Summary for Creditors of a Small Business

While the Subchapter V provisions help small businesses emerge quickly and economically, they do remove many protections normally afforded creditors. 

  • In most business cases, a committee is appointed to advocate on behalf of unsecured creditors. In Subchapter V, a committee would be an exception, not the norm.
  • A non-consensual plan can be confirmed by the court upon a finding that the plan does not discriminate, even if every creditor objects to its confirmation. In bankruptcy proceedings not under Subchapter V, a plan must be supported by at least one impaired class.
  • There is no absolute priority rule, so an owner can retain its equity in the debtor without contributing new value so long as all disposable income is paid to creditors over a three to five-year period.

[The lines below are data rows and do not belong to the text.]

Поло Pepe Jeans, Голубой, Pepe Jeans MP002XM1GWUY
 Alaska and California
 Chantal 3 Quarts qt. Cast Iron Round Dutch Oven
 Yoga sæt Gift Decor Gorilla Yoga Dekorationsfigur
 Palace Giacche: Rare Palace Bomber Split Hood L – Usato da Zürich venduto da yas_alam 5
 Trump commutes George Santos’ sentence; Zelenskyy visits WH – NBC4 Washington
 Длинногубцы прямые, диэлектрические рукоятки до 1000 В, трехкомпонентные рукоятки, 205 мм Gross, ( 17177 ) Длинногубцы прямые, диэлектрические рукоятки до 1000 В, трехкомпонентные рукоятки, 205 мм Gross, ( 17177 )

In light of the new law, creditors should consider the following when dealing with a small business that would qualify as a debtor under Subchapter V:

  • When entering into new loans:
    • Insist on liens upon assets with equity, including a pledge of ownership interests; and
    • Require financial reporting to determine the eligibility of the borrower for relief under Subchapter V.
  • When settling a default prior to bankruptcy and negotiating a settlement agreement:
    • Insist upon entry of a judgment – or, at the very least, an admission of liability – exceeding $2,725,625 (or $7,500,000 until March 2021) in order to disqualify the business from Subchapter V relief;
    • If applicable, obtain admissions of wrongdoing in the settlement agreement, because debts that are non-dischargeable under other chapters of the Bankruptcy Code remain so under Subchapter V; and
    • Focus on anything that may create a lien or property interest, such as a writ of attachment, lis pendens, or judgment lien, as these will increase the chance of a substantial payment.